In Boston, the Boston Public Health Commission, Boston EMS, and the Office of Emergency Management are coordinating to gather and distribute PPE donations.

“We are incredibly thankful for the community stepping up during this time,” said Rita Nieves, executive director of the Boston Public Health Commission. “Donations will help protect our first responders and health care providers, allowing them to continue to safely provide life-saving care during this crisis.”

Institutions are stepping in. The Boston Building Trades Unions, which saw their work dry up amid Boston’s moratorium on construction projects, this week began collecting donations of unused masks and other equipment from construction workers to give medical personnel.

Frank Callahan, president of the Massachusetts Building Trades Council, said the unions are launching similar efforts statewide, working with the Nurses Association. “Construction companies and our training centers have some of these just in their storerooms or in offices, and we want to make sure we get those to first responders,” Callahan said.

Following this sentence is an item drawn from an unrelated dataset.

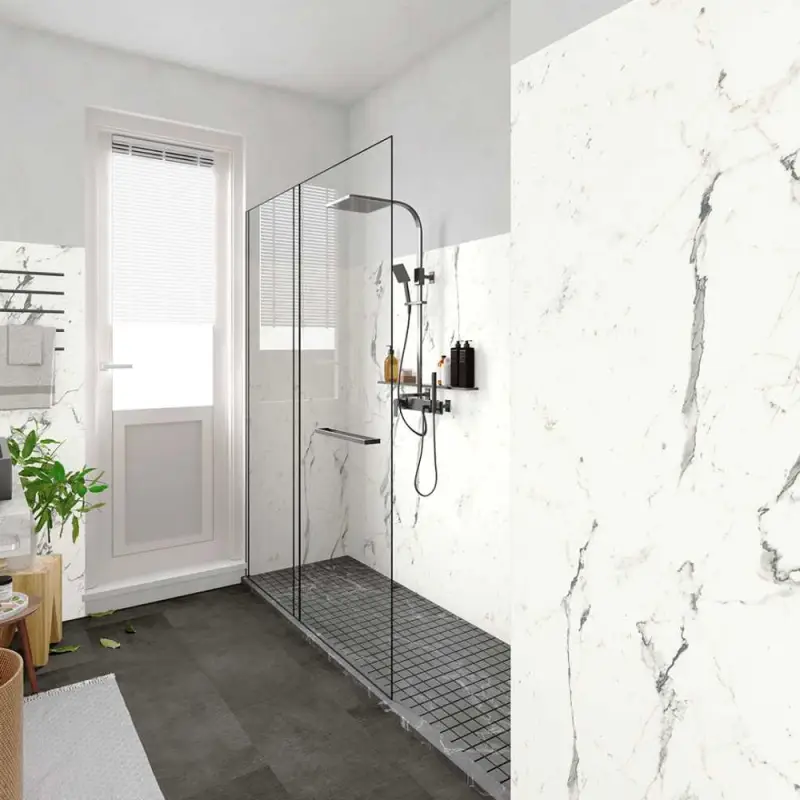 Panele winylowe Avola Vesuvius Anthracit Kamień antracytowy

Northeast Metro Tech, a vocational school in Wakefield, closed during the pandemic and realized it had unused hand sanitizer, gloves, and masks. It solicited additional material from local business and donated to MelroseWakefield Healthcare 2,000 pairs of gloves, 2,500 masks, 400 safety goggles and containers of rubbing alcohol, hand sanitizer, wipes and soap. Superintendent David DiBarri called it an “easy decision” to donate to medical workers that serve the community.

Some doctors are simply reaching out to friends. One man was contacted by two friends who are emergency room doctors, who were asking their friends to call suppliers and buy whatever they could off Amazon. The man, who asked not to be named, ordered 30 pairs of protective glasses. They will arrive Saturday, and he will drop them off outside the doctor’s door.